— Provided data —

———

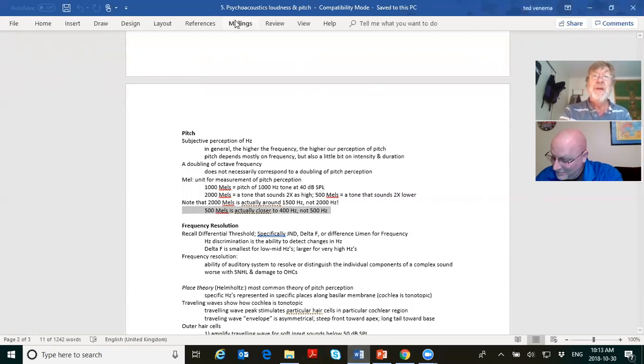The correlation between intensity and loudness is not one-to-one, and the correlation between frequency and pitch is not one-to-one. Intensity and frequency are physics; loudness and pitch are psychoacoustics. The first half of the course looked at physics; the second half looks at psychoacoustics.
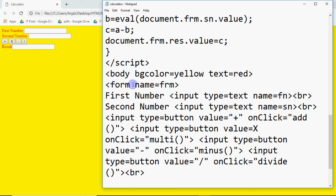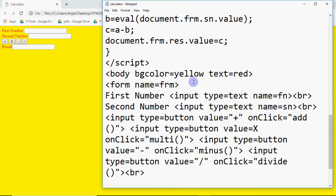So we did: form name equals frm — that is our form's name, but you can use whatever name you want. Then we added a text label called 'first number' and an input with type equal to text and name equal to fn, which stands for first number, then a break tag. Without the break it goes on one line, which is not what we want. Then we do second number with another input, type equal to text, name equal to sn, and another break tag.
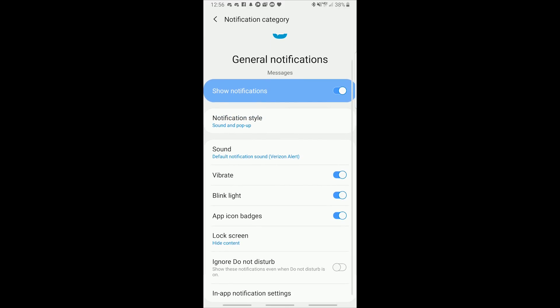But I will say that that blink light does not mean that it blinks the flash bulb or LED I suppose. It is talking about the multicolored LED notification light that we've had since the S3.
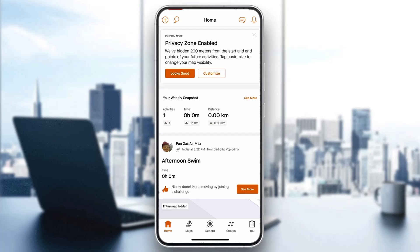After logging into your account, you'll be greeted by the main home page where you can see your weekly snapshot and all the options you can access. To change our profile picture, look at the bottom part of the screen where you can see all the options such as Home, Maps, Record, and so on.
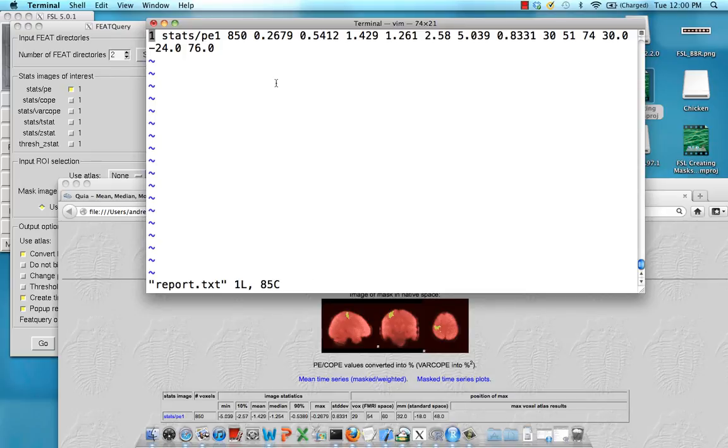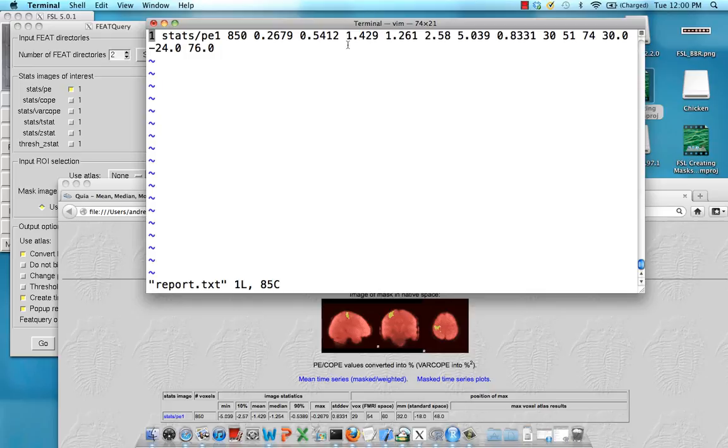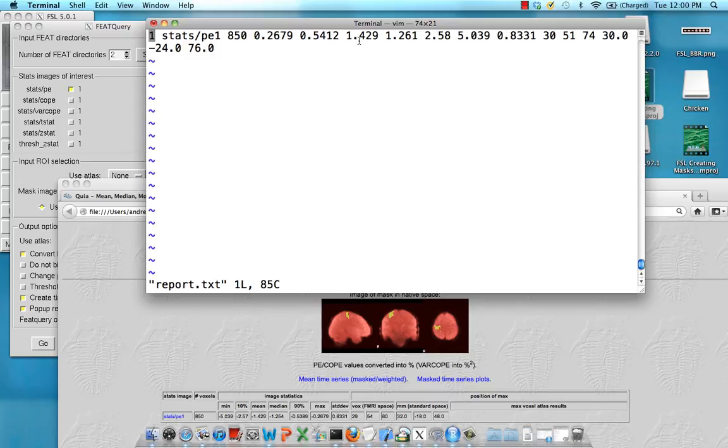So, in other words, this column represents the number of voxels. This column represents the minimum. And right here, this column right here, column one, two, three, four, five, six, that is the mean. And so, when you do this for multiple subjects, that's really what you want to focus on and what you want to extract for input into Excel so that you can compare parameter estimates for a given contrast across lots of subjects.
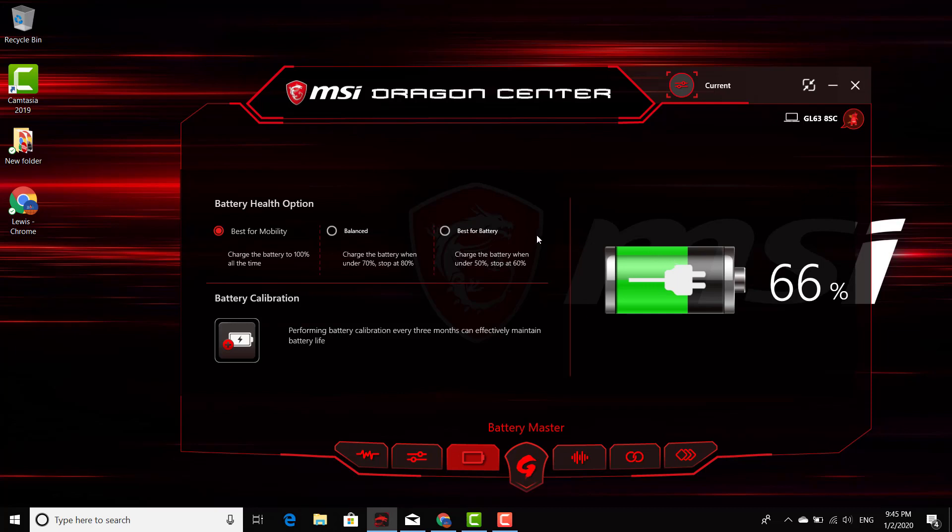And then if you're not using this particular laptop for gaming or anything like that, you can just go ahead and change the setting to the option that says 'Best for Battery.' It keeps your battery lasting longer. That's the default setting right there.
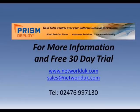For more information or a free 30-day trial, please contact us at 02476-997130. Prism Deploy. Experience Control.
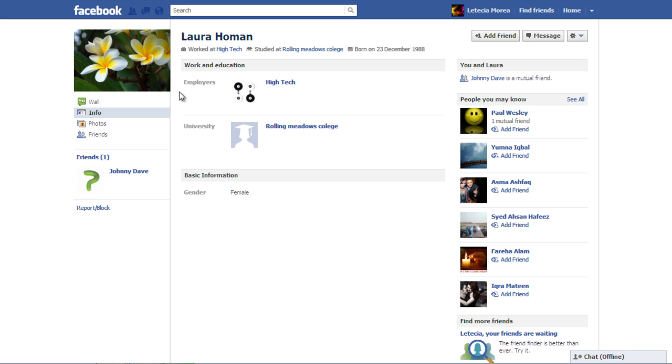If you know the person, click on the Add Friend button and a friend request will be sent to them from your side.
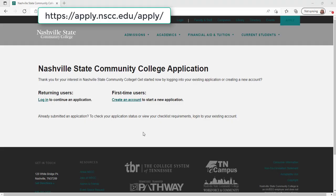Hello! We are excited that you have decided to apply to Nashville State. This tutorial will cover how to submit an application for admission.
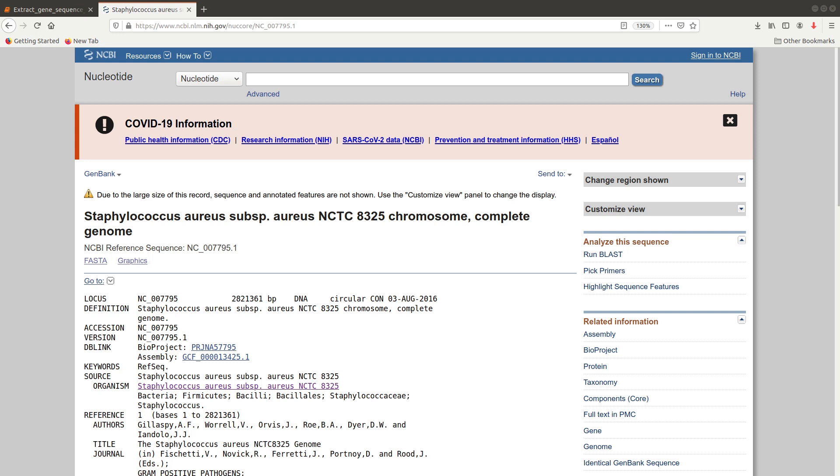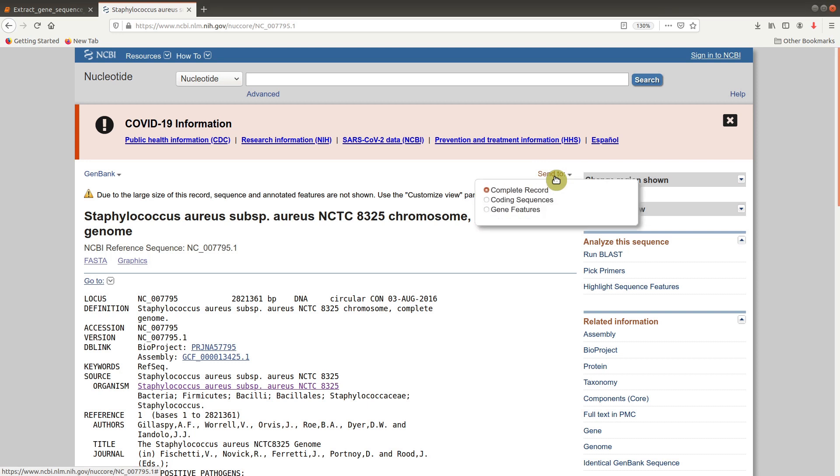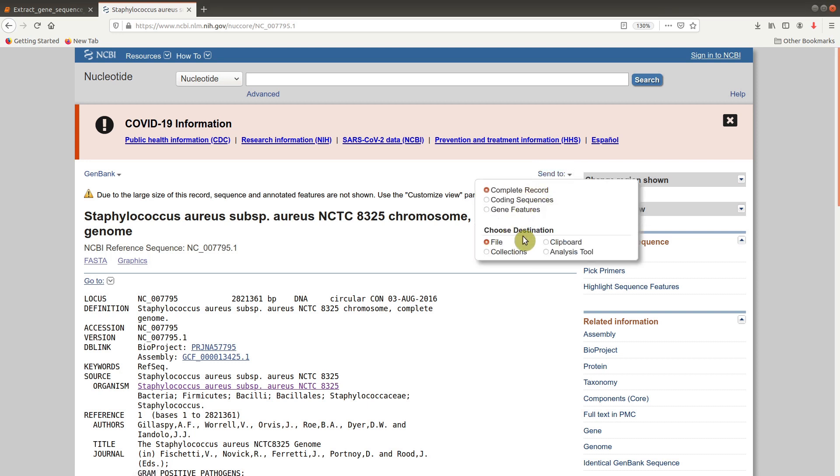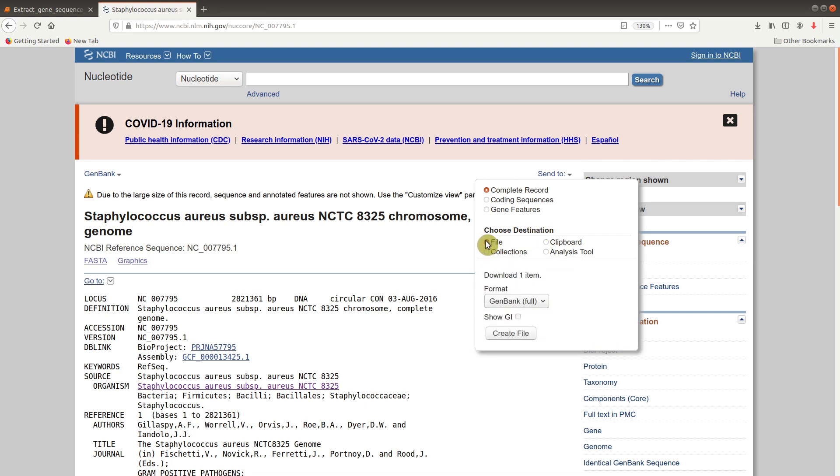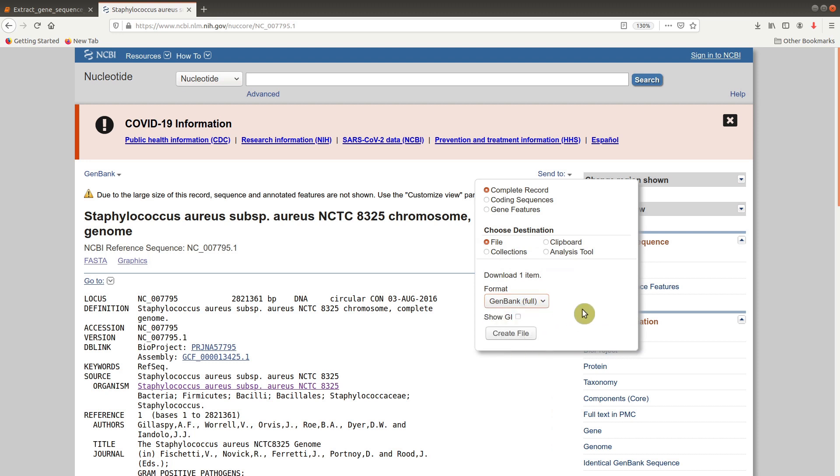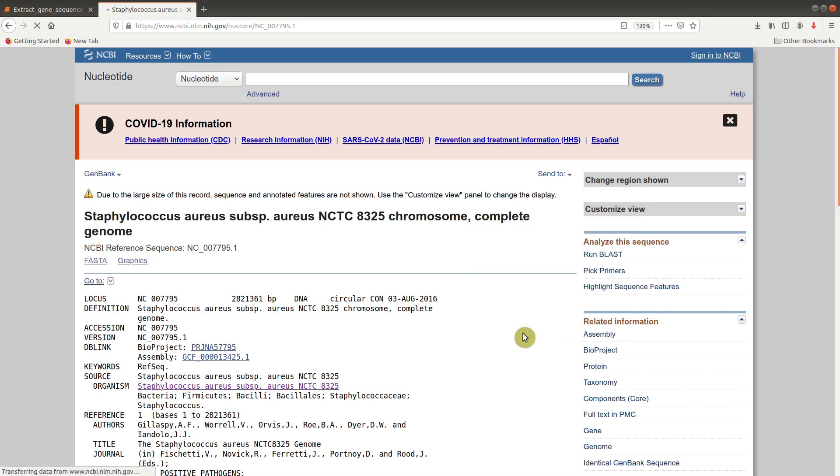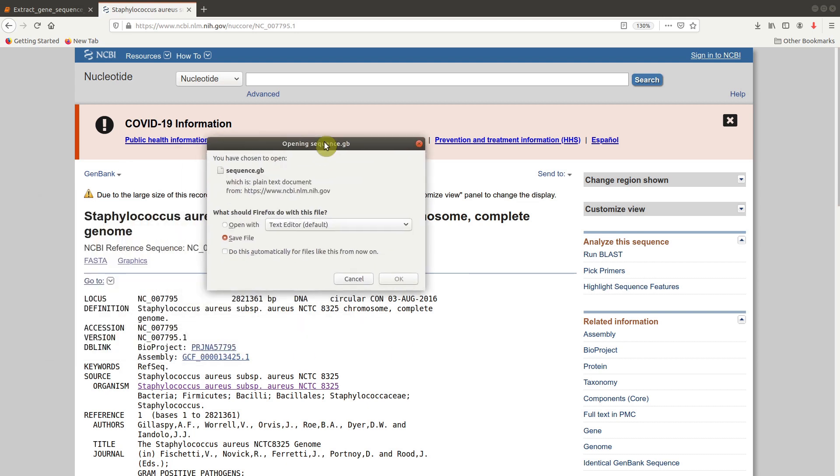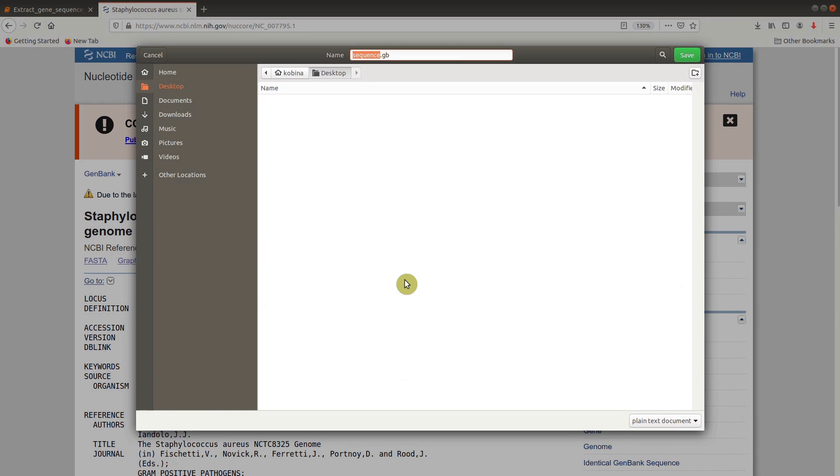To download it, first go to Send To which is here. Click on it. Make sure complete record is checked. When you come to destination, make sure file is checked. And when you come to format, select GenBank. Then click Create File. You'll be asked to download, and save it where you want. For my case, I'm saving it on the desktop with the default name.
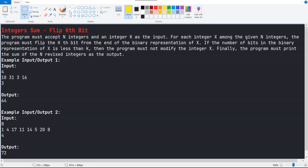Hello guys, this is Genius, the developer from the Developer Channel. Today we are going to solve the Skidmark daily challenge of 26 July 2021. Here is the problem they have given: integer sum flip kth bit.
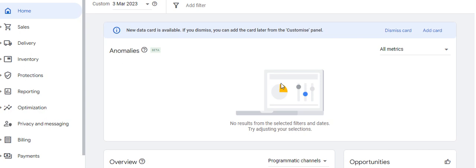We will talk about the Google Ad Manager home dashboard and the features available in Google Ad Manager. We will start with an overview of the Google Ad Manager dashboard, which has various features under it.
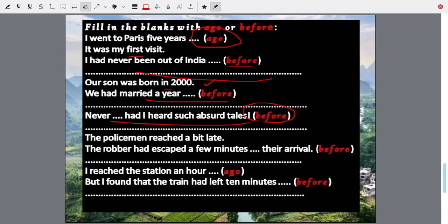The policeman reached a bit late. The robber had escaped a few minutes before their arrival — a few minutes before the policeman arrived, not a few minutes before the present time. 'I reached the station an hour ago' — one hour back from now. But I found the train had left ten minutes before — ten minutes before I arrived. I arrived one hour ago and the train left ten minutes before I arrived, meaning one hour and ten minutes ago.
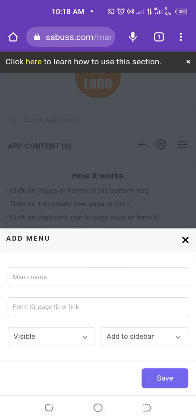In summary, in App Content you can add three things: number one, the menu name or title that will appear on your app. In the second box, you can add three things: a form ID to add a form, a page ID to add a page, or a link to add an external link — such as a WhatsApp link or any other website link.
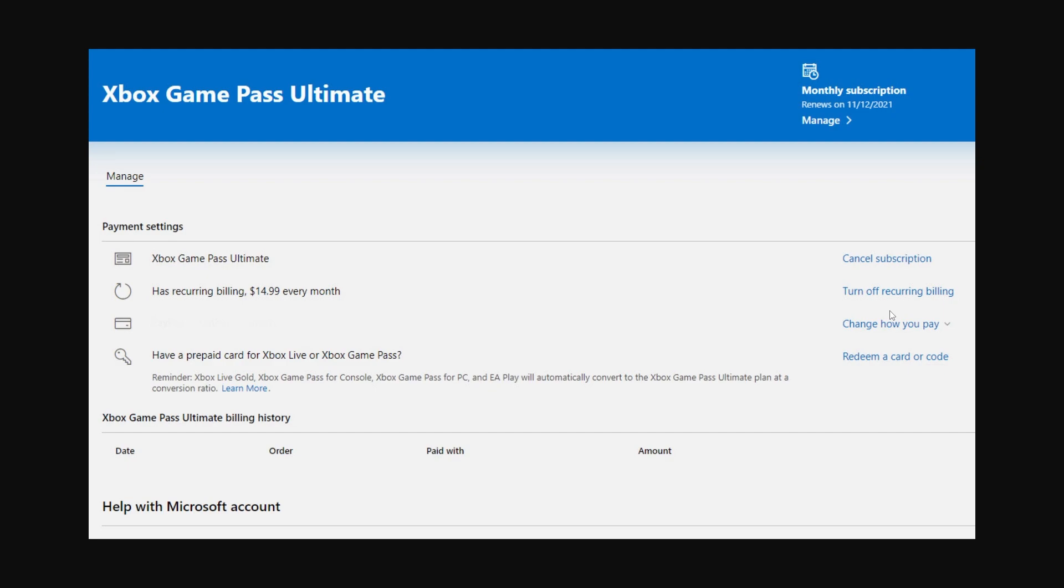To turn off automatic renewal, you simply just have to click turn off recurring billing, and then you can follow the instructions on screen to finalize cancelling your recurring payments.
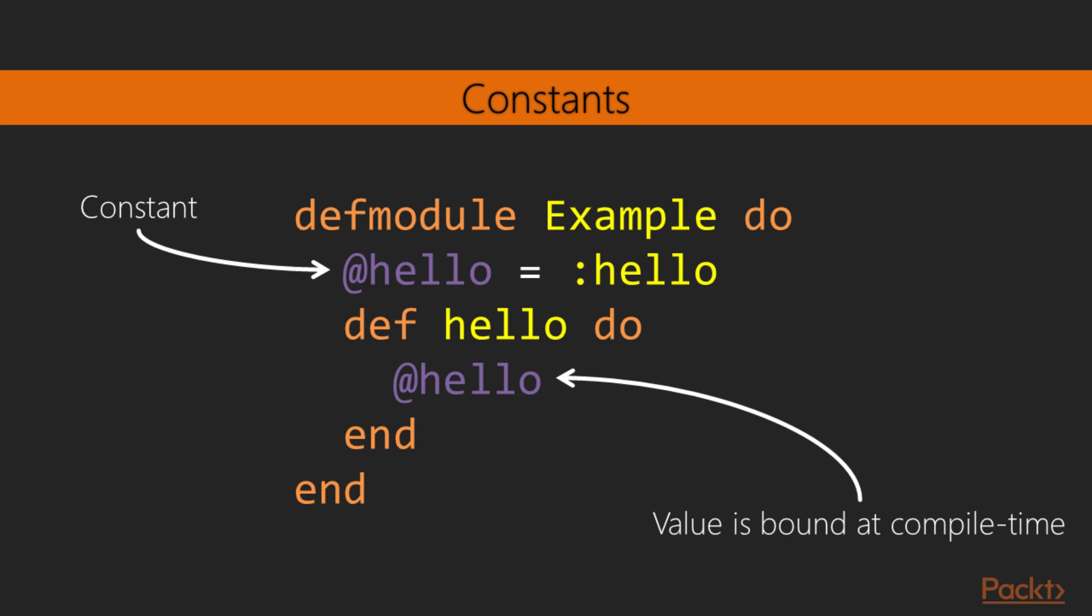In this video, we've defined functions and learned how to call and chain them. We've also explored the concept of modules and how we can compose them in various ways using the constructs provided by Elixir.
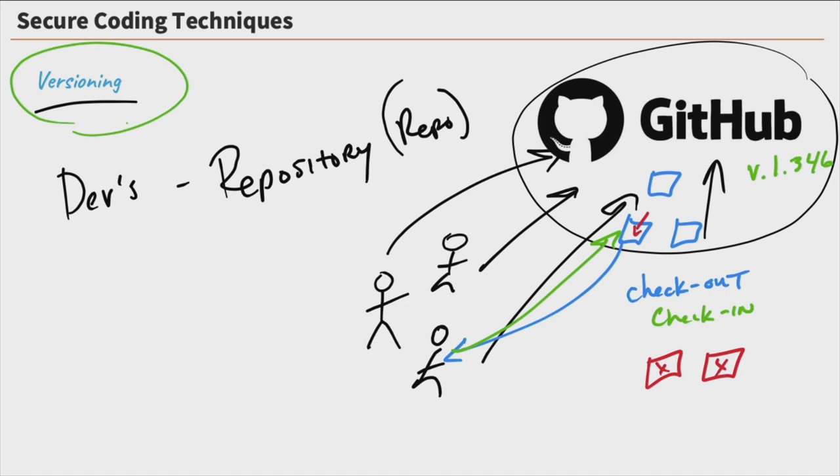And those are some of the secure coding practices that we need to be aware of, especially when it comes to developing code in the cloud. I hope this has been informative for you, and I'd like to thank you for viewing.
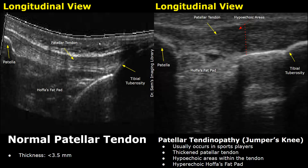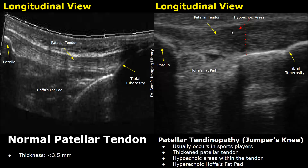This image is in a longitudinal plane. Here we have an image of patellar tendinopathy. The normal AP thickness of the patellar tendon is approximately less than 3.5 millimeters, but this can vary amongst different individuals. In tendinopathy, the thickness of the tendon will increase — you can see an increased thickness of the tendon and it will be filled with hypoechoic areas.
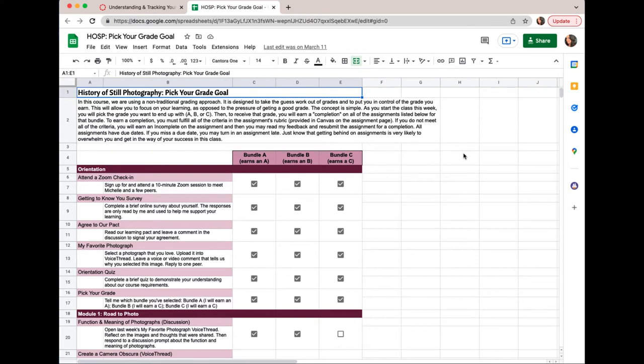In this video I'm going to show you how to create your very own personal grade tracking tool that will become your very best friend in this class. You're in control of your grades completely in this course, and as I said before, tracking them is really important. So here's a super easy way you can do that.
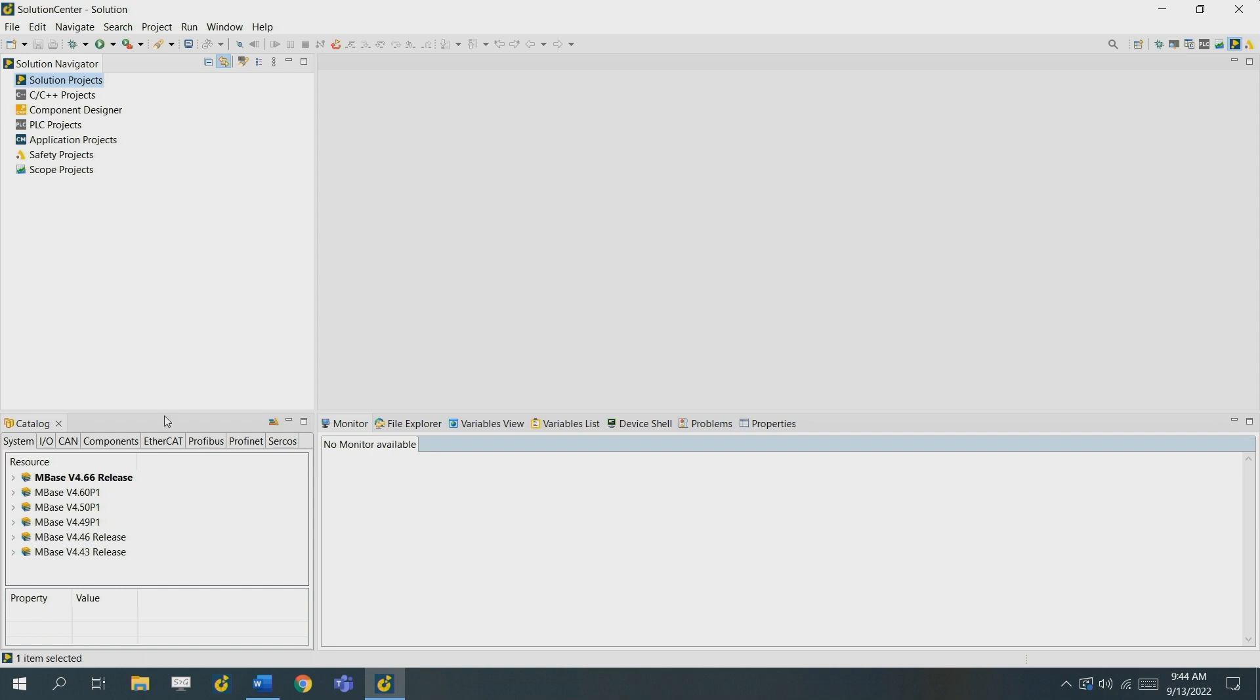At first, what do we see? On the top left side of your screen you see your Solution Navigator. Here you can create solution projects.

———

— Work to be completed —
Copy the lines above exactly, starting with the line that contains "Hello guys, this" and ending with the line that contains "We will talk", and leave out any pictures.

— Task result —
Hello guys, this is Genius, the developer from the Developer Channel. Today we are going to solve the Skidmark daily challenge of 26 July 2021. Here is the problem they have given: integer sum flip kth bit.
We will talk about the Google Ad Manager home dashboard and the features available in Google Ad Manager. We will start with an overview of the Google Ad Manager dashboard, which has various features under it.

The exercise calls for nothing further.